:: TASK OBJECTIVE ::
An exact copy is needed of the lines from the one that contains "Moras Ecológicas 400G" through the final line of the data below, with pictures left out.

:: AVAILABLE DATA ::
+===+

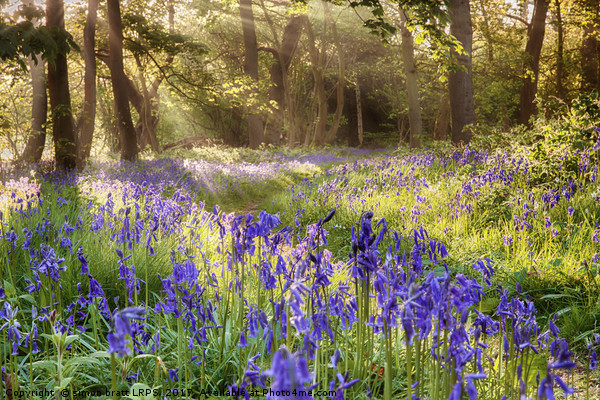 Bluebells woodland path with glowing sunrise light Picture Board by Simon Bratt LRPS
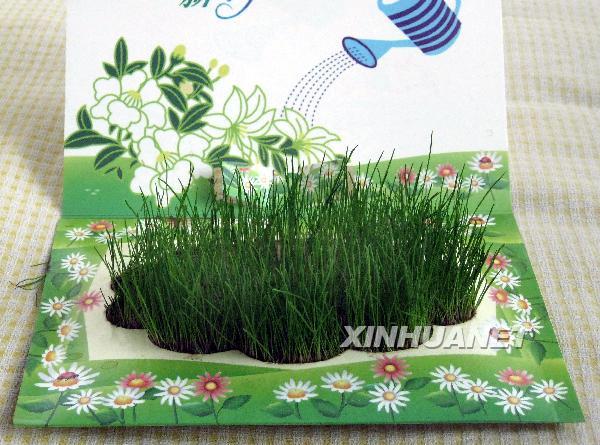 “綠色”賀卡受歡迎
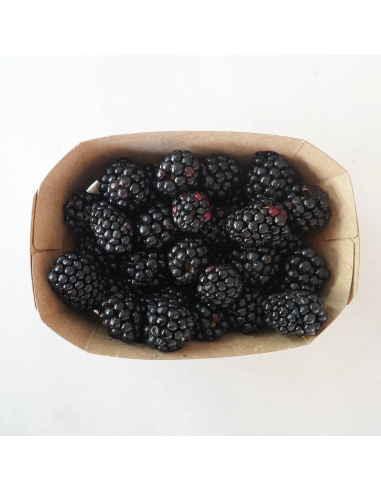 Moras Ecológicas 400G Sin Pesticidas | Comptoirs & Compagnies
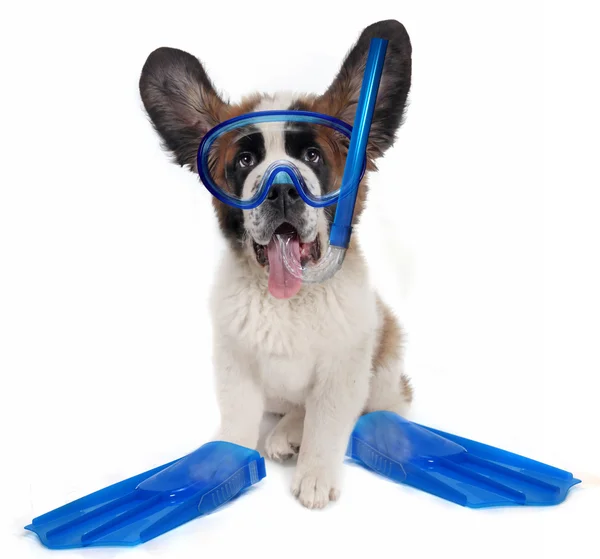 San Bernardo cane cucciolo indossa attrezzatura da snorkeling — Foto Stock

+===+

:: WRITTEN SOLUTION ::
 Moras Ecológicas 400G Sin Pesticidas | Comptoirs & Compagnies
 San Bernardo cane cucciolo indossa attrezzatura da snorkeling — Foto Stock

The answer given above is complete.